- _Task to carry out_: Reproduce the entries below exactly, but only from the line containing "A playing standard" to the line containing "We use this", inclusive.

- _Data_:

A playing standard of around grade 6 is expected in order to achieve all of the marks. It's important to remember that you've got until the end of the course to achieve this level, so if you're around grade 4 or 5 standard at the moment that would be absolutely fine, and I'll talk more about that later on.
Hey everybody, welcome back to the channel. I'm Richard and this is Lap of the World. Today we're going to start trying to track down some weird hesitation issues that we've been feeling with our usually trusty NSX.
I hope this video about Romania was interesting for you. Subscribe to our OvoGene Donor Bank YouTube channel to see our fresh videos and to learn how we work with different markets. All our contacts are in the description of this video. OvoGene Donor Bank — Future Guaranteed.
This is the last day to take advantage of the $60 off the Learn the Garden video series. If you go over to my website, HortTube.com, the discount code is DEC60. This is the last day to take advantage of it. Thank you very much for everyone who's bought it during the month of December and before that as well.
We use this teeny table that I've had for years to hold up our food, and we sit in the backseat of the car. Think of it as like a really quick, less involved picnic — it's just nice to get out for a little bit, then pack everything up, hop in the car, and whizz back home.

...

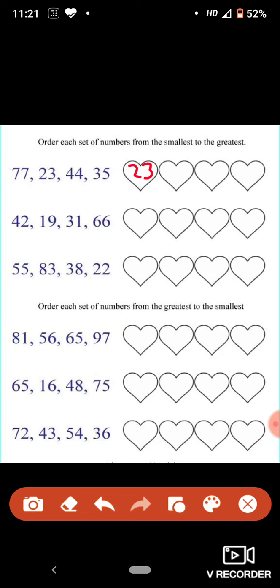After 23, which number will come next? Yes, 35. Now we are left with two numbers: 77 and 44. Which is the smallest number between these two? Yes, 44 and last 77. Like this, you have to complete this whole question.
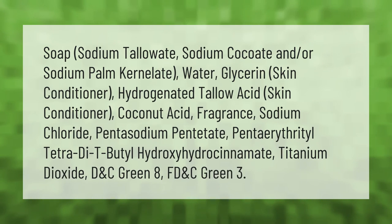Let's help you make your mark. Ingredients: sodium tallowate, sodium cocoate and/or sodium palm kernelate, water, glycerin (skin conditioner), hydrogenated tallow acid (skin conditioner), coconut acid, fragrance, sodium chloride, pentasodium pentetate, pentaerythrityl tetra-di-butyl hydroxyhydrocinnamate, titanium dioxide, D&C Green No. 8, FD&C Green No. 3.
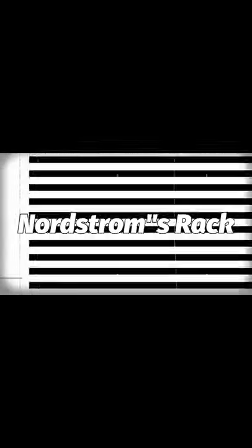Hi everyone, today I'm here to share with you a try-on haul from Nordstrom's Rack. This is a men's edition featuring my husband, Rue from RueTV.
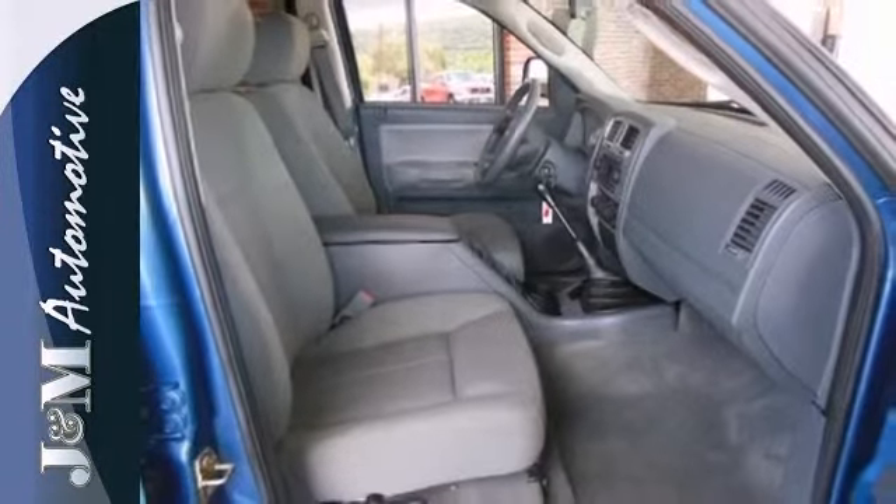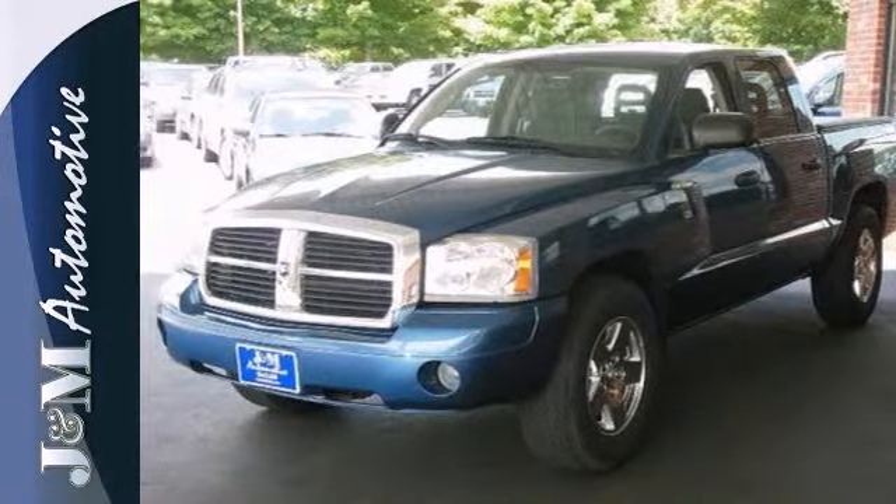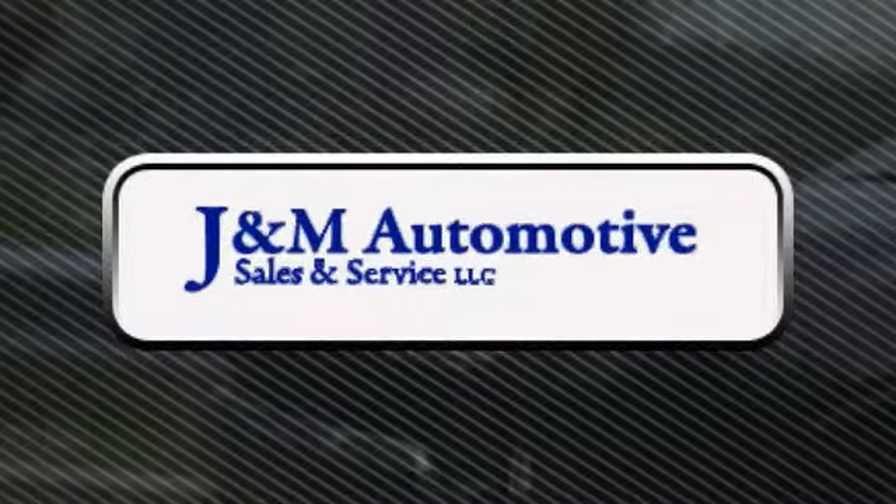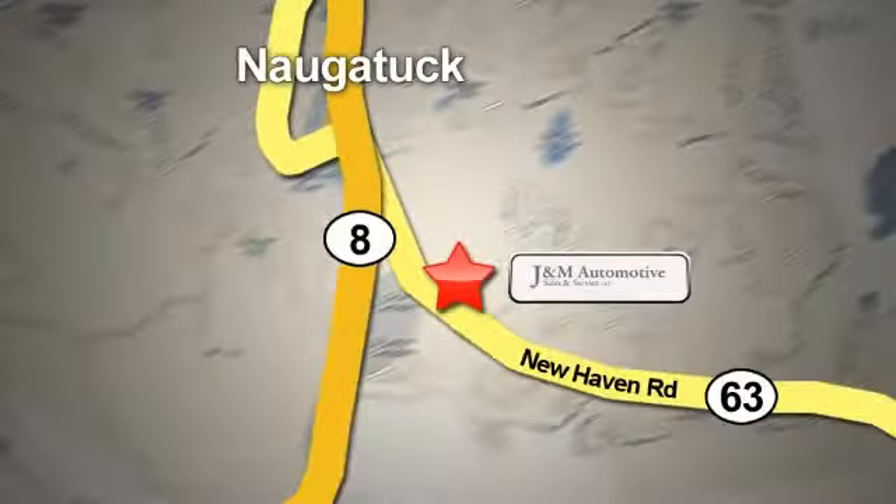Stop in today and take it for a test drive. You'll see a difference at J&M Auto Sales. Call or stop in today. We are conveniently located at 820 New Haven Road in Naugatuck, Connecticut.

- _Completed exercise_:
A playing standard of around grade 6 is expected in order to achieve all of the marks. It's important to remember that you've got until the end of the course to achieve this level, so if you're around grade 4 or 5 standard at the moment that would be absolutely fine, and I'll talk more about that later on.
Hey everybody, welcome back to the channel. I'm Richard and this is Lap of the World. Today we're going to start trying to track down some weird hesitation issues that we've been feeling with our usually trusty NSX.
I hope this video about Romania was interesting for you. Subscribe to our OvoGene Donor Bank YouTube channel to see our fresh videos and to learn how we work with different markets. All our contacts are in the description of this video. OvoGene Donor Bank — Future Guaranteed.
This is the last day to take advantage of the $60 off the Learn the Garden video series. If you go over to my website, HortTube.com, the discount code is DEC60. This is the last day to take advantage of it. Thank you very much for everyone who's bought it during the month of December and before that as well.
We use this teeny table that I've had for years to hold up our food, and we sit in the backseat of the car. Think of it as like a really quick, less involved picnic — it's just nice to get out for a little bit, then pack everything up, hop in the car, and whizz back home.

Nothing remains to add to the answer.